John Joubert, Nebraska Boy Snatcher

Retrospective

Ressler attempts to understand what may have been at the base of Joubert's early assaults.  He'd had a friend with whom he'd developed a latent homosexual relationship.  They grew quite close, but during one summer, Joubert went away.  Upon his return, he learned that his dear companion had moved to another town.  He was unable to find out where his friend had gone, and his mother offered no help.  She apparently told him to get over it.  So the stage was set: Joubert grieved over the loss of the friend, felt lost, and developed anger toward a female who symbolized authority and assistance but who hindered him from assuaging his pain.  Soon afterward, Joubert began attacking young girls.  Ressler apparently believes that the mother's unsympathetic actions were instrumental in that.  She had also refused to take Joubert to see his father after they were divorced, which added fuel to his smoldering fire.
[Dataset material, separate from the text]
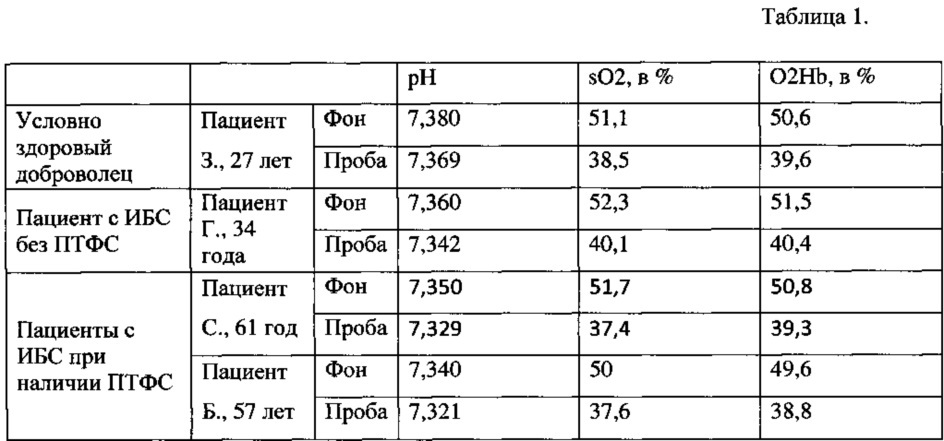 Способ оценки повышенного риска возникновения флеботромбозов у пациентов с ишемической болезнью сердца (патент 2624859)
So Joubert had crossed a line from fantasy into action and also seemed to be on a slippery slope toward more potent assaults.

Just as interesting is Pettit's approach to Joubert.  He begins his book with a show of sympathy but ends it with genuine concern for the families of the victims and not much for Joubert.  He wasn't happy with Joubert's resistance to admitting to the murder in Maine, so he described Joubert's behavior in such a way as to indicate that he did more or less admit to it.  "It was as if he wanted to tell me straight out, to get it off his conscience, but couldn't.  I took his answer as a yes."  Apparently Joubert had believed that confessing the other two crimes ought to have spared him the death penalty, and when he was sentenced to die, he decided to say no more.

Nevertheless, Pettit was summoned to Maine during Joubert's trial to be grilled on the stand for what Joubert may or may not have said to him.  Joubert's public defender accused Pettit of brokering information for the police, which he denied.  He nevertheless "felt caught somewhere between justice and Joubert."